Recorded data:
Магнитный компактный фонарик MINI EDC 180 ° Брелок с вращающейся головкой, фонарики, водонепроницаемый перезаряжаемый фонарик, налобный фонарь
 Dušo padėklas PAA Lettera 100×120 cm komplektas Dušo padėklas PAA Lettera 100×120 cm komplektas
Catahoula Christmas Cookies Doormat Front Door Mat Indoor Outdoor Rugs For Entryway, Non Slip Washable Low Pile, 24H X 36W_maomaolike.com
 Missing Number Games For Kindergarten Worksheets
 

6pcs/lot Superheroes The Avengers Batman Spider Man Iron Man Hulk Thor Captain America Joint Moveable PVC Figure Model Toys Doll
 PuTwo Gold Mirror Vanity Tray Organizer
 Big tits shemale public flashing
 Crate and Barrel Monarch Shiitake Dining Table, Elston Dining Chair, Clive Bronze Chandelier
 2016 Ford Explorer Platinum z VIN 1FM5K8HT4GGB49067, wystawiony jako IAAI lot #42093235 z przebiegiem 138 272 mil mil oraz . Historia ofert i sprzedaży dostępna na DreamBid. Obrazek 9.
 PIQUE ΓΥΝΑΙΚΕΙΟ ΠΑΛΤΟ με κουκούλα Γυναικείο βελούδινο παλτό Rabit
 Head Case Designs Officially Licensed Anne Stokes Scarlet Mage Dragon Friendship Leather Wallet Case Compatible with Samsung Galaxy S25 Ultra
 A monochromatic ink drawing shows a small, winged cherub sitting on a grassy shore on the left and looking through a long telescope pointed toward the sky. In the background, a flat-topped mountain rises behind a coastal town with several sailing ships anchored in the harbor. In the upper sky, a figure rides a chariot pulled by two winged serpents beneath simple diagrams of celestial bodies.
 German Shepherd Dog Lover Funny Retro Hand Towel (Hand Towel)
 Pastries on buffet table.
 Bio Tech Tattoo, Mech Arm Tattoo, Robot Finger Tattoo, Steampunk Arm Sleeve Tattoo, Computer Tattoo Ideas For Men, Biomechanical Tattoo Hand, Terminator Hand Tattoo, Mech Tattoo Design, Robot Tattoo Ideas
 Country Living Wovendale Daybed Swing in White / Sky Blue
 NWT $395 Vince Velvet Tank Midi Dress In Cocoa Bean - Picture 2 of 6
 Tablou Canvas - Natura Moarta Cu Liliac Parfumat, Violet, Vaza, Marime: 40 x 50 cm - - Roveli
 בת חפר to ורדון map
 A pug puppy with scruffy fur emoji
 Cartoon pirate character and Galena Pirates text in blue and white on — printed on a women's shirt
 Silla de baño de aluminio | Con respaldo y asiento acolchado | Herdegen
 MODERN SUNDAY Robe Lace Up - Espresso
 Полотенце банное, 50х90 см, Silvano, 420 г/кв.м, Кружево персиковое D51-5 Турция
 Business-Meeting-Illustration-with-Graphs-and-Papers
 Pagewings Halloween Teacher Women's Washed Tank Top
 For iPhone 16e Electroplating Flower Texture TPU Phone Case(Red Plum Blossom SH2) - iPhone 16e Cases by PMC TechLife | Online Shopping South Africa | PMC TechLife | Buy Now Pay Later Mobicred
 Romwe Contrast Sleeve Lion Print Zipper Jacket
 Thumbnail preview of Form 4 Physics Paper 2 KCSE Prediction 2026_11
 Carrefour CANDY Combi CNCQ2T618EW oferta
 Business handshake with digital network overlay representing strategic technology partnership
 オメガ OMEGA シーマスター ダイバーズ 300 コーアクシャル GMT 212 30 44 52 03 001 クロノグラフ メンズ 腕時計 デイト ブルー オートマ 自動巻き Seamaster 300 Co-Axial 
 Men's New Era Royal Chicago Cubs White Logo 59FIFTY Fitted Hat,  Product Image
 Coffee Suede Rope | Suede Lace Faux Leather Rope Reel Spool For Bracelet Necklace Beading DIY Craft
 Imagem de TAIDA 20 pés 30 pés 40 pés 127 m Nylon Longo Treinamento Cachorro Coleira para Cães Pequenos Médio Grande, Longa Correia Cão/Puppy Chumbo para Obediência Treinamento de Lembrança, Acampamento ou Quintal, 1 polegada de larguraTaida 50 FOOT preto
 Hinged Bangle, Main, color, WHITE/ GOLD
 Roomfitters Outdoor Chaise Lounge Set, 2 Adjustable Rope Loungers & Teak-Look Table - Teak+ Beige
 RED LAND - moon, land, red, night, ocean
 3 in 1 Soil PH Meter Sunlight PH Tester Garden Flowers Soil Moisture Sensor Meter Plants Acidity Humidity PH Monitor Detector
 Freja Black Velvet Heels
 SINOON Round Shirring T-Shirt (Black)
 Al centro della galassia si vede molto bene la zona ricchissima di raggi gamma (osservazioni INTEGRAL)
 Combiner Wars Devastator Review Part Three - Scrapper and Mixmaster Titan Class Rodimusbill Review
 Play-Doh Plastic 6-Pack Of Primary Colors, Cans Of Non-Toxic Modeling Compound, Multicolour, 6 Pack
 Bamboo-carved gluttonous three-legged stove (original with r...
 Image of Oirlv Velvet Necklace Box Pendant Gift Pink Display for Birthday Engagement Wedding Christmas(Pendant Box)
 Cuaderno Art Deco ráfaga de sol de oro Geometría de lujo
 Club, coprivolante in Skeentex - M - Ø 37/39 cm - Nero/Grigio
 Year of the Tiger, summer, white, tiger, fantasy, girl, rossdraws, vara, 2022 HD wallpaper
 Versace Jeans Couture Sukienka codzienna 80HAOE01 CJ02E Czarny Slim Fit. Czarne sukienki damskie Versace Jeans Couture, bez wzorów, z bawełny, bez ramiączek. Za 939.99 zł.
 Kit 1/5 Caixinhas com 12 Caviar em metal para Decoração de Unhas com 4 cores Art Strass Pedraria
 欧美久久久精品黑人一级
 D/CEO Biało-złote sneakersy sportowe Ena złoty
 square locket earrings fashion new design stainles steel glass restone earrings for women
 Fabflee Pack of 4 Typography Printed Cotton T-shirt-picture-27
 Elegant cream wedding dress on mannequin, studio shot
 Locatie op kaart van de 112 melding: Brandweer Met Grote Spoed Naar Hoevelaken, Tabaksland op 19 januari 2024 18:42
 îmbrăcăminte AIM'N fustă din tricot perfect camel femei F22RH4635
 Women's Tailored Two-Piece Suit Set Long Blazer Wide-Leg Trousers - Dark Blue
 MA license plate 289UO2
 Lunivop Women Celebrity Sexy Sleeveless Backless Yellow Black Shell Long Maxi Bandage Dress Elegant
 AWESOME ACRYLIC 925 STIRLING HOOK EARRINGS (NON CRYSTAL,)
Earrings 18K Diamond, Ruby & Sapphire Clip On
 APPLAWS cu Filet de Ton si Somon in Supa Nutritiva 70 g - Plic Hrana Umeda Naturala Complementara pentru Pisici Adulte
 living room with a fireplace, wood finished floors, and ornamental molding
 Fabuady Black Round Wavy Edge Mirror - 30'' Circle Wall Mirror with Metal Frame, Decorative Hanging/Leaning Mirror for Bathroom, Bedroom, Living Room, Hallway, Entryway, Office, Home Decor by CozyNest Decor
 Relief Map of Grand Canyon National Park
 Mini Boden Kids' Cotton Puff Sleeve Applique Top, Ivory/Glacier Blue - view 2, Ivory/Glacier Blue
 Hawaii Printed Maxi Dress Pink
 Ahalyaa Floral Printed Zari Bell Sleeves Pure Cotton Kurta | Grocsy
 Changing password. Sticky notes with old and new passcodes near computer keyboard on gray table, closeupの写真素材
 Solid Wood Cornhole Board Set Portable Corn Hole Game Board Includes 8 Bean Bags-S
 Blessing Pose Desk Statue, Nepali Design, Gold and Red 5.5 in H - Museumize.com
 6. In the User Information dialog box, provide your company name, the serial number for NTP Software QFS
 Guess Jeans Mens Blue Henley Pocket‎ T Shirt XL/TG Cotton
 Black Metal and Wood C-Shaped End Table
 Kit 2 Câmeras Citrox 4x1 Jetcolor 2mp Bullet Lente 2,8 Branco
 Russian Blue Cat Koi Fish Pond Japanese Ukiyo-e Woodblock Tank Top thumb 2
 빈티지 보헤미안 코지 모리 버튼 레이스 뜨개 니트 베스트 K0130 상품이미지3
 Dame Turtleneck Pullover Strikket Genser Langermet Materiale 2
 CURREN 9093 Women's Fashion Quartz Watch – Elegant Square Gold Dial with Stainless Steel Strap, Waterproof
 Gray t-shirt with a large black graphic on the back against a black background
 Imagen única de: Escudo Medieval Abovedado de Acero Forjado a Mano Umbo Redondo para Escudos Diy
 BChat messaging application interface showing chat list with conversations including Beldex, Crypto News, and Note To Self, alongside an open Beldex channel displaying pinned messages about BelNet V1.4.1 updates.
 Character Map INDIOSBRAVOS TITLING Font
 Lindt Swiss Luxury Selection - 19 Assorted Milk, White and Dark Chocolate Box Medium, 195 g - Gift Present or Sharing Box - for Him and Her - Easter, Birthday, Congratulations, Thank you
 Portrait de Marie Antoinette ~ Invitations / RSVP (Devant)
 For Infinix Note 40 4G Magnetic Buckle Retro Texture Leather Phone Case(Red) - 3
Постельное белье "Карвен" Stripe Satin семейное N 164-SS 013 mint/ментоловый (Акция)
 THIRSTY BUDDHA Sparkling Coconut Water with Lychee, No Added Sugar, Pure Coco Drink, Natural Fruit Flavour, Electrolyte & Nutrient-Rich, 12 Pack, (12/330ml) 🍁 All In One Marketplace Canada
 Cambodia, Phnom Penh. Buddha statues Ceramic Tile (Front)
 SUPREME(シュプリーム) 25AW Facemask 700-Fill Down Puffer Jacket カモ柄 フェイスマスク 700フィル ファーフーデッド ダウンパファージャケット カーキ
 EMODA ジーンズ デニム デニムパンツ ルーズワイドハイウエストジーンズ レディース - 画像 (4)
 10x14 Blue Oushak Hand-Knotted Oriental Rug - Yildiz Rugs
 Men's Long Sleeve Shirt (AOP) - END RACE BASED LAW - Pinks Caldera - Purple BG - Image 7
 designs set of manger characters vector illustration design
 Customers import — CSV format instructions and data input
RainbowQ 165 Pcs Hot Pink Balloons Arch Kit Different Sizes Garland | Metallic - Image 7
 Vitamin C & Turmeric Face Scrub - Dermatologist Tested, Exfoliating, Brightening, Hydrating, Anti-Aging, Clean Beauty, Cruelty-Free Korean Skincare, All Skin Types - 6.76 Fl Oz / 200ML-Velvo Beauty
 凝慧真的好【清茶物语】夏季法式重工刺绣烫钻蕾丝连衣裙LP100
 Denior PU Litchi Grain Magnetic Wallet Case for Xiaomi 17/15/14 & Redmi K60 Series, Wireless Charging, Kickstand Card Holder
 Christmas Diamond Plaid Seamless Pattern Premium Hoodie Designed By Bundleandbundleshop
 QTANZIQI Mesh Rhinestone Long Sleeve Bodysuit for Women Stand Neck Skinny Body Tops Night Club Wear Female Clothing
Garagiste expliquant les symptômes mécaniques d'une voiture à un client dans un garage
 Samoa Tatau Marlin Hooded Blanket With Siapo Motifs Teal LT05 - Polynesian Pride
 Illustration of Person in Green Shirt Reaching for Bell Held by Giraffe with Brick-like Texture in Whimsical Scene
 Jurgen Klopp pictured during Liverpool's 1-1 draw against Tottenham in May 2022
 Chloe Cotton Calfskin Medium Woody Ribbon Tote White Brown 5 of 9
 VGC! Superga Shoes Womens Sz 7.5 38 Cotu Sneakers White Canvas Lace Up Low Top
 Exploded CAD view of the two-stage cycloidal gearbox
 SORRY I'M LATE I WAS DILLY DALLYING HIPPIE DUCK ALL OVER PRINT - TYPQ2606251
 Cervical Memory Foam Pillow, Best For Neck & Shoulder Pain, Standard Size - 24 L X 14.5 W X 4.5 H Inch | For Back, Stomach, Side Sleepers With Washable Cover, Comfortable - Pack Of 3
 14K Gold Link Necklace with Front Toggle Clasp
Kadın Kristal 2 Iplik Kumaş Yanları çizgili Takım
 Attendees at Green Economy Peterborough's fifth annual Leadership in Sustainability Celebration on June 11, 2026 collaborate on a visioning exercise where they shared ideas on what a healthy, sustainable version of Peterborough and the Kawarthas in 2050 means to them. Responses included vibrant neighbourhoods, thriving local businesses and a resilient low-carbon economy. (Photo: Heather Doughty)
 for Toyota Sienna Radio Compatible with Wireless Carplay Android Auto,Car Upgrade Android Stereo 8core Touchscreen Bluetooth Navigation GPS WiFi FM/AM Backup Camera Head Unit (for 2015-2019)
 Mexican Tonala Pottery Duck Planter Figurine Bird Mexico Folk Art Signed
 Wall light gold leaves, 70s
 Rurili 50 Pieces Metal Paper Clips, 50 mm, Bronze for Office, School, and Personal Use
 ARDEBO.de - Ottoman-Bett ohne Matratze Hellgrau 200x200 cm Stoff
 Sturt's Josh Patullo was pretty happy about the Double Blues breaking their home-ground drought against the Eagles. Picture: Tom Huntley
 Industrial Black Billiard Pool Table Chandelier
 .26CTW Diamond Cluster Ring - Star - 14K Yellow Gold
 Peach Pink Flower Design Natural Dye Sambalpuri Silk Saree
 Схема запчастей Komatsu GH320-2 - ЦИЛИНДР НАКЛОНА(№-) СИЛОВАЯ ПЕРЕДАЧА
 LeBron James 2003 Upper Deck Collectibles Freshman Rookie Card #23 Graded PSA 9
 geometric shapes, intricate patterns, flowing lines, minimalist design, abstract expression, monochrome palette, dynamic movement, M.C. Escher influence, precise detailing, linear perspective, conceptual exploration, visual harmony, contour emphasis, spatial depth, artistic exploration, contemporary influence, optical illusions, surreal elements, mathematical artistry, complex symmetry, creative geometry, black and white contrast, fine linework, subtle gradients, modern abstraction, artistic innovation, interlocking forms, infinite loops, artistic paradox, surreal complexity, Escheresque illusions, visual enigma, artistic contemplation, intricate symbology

What you need to do: From the records above, repeat exactly the lines from the one with "Kadın Kristal 2" through the one with "Peach Pink Flower", both included.

Exercise solution:
Kadın Kristal 2 Iplik Kumaş Yanları çizgili Takım
 Attendees at Green Economy Peterborough's fifth annual Leadership in Sustainability Celebration on June 11, 2026 collaborate on a visioning exercise where they shared ideas on what a healthy, sustainable version of Peterborough and the Kawarthas in 2050 means to them. Responses included vibrant neighbourhoods, thriving local businesses and a resilient low-carbon economy. (Photo: Heather Doughty)
 for Toyota Sienna Radio Compatible with Wireless Carplay Android Auto,Car Upgrade Android Stereo 8core Touchscreen Bluetooth Navigation GPS WiFi FM/AM Backup Camera Head Unit (for 2015-2019)
 Mexican Tonala Pottery Duck Planter Figurine Bird Mexico Folk Art Signed
 Wall light gold leaves, 70s
 Rurili 50 Pieces Metal Paper Clips, 50 mm, Bronze for Office, School, and Personal Use
 ARDEBO.de - Ottoman-Bett ohne Matratze Hellgrau 200x200 cm Stoff
 Sturt's Josh Patullo was pretty happy about the Double Blues breaking their home-ground drought against the Eagles. Picture: Tom Huntley
 Industrial Black Billiard Pool Table Chandelier
 .26CTW Diamond Cluster Ring - Star - 14K Yellow Gold
 Peach Pink Flower Design Natural Dye Sambalpuri Silk Saree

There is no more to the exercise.